Recorded data START

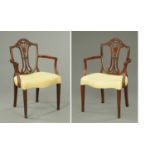 A pair of George III mahogany armchairs, each with arched back, pierced splat,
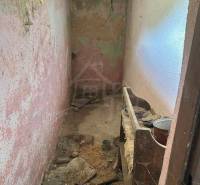 Abandoned narrow room with peeling plaster and broken floor in a family house.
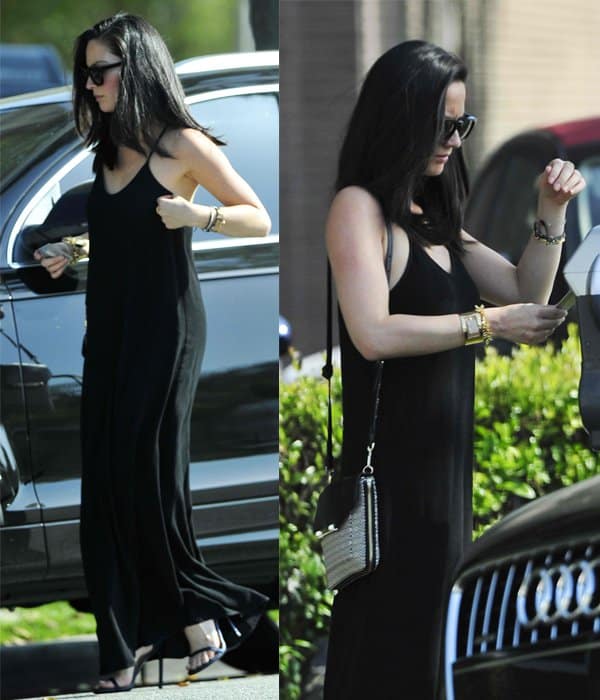 Olivia Munn wearing a black maxi dress in Beverly Hills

Recorded data END

__Work instructions__: Would you copy each line above exactly as given, dropping any images?

__Answer to this exercise__:
 A pair of George III mahogany armchairs, each with arched back, pierced splat,
 Abandoned narrow room with peeling plaster and broken floor in a family house.
 Olivia Munn wearing a black maxi dress in Beverly Hills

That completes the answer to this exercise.